Problem Norma Hukum yang Kurang Tegas
Dalam mewujudkan demokrasi subtansial dibutuhkan norma hukum dengan pengenaan hukuman yang menjerakan bagi para pelaku pelanggaran pemilihan.
Hal itu diperlukan sebagai instrument pembinaan dan penanggulangan secara preventif maupun refresif.
Namun demikian, dalam berbagai revisi UU Pilkada tidak satupun diketemukan norma hukum yang bersifat aplikatif dan menjerakan.
Misalnya saja berkenaan norma hukum yang memuat materi diskualifikasi pasangan calon kepala daerah dan wakil kepala daerah yang melakukan pelanggaran terstruktur, sistematis, dan massif, sebagaimana ditentukan dalam  Pasal 73 ayat (1) dan ayat (2) Juncto Pasal 135A ayat (1) Undang-Undang No. 10 Tahun 2016 tentang Pilkada.
Sesungguhnya ketentuan Pasal 73 ayat (1) dan ayat (2) Juncto Pasal 135A ayat (1) Undang-Undang No. 10 2016, dimaksudkan oleh para pembentuk undang-undang (policy making) sebagai rekayasa sosial (law as a tool of social engineering) guna mengubah kebiasaan buruk pasangan calon kepala daerah  dan wakil kepala daerah, tim pemenangan, dan masyarakat yang senantiasa menempatkan uang sebagai stimulus utama memikat hati pemilih dan  pemilih dalam menggunakan hak pilihnya.
Dengan eksistensi norma tersebut diharapkan pasangan calon kepala daerah dan wakil kepala daerah berserta tim  pemenangannya tidak melakukan tindakan-tindakan berupa menjanjikan dan/atau memberikan uang atau materi lainnya untuk mempengaruhi penyelenggara pemilihan (KPU beserta jajarannya maupun Bawaslu beserta jajarannya) dan/atau Pemilih.
Secara faktual, pengenaan sanksi diskualifikasi kepada pasangan calon kepala daerah dan wakil kelapa daerah terkesan hambar, tidak tegas atau setengah-setengah atau tidak memberikan efek penjerahan sama sekali. Seyogyanya sanksi diskualifikasi pasangan tidak dalam rezim pelanggaran terstruktur, sistematis, dan massif, karena pada prinsipnya setiap penggunaan uang (money politic) dalam konteks mempengaruhi penyelenggara pemilihan maupun pemilih sudah dapat dikategorikan sebagai perbuatan berskala berat atau tidak dapat ditolelir dan berimplikasi signifikan terhadap hasil pemilihan kepala daerah dan wakil kepala daerah.

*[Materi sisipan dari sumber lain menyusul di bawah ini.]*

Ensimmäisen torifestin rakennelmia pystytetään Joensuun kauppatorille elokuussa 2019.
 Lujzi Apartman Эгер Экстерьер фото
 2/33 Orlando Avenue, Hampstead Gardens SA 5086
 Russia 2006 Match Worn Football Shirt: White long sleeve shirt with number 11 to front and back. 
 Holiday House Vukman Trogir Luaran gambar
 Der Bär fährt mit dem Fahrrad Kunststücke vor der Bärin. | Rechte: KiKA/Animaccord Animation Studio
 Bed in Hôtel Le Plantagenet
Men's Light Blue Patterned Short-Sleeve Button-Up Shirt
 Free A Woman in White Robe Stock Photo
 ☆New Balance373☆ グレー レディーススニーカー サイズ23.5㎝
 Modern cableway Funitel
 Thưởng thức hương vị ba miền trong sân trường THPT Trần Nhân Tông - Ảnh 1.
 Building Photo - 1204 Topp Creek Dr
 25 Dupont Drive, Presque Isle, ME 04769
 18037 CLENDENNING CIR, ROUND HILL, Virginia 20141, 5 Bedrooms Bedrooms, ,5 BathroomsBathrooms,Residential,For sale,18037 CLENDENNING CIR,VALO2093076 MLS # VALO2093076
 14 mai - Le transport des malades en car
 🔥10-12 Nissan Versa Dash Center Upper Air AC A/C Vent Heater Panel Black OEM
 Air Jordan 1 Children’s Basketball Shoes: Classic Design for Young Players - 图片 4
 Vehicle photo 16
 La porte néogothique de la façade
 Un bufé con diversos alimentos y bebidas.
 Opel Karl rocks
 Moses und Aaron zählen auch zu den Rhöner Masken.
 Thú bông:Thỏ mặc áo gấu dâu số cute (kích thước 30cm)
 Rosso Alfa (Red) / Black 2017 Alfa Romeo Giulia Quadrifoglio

Oleh karena itu, meskipun tindakan pasangan calon kepala daerah dan wakil kepala daerah beserta tim pemenangannya yang melakukan money politic dan mempengaruhi penyelenggara pemilihan dan/atau pemilih terbukti terkonfirmasi hanya 1 (satu) peristiwa (tidak kumulatif terstruktur, sistematis, dan massif), maka sudah seharusnya dapat dikenakan sanksi pembatalan kepesertaan dalam pemilihan kepala daerah dan wakil kepala daerah.
Formulasi tersebut sejalan dengan amanat ketentuan Pasal 27 Ayat (1) UUD 1945, yang mengatur keharusan menjunjung tinggi hukum dan pemerintahanan.
Oleh karena itu, segala  tindakan tidak jujur yang dilakukan pasangan calon kepala daerah dan wakil kepala daerah beserta tim pemenangannya yang melanggar kewajiban untuk menjunjung tinggi hukum dan demokrasi harus diberikan sanksi yang bersifaf menjerakan dan membina berupa pendiskualifikasian kepesertaannya.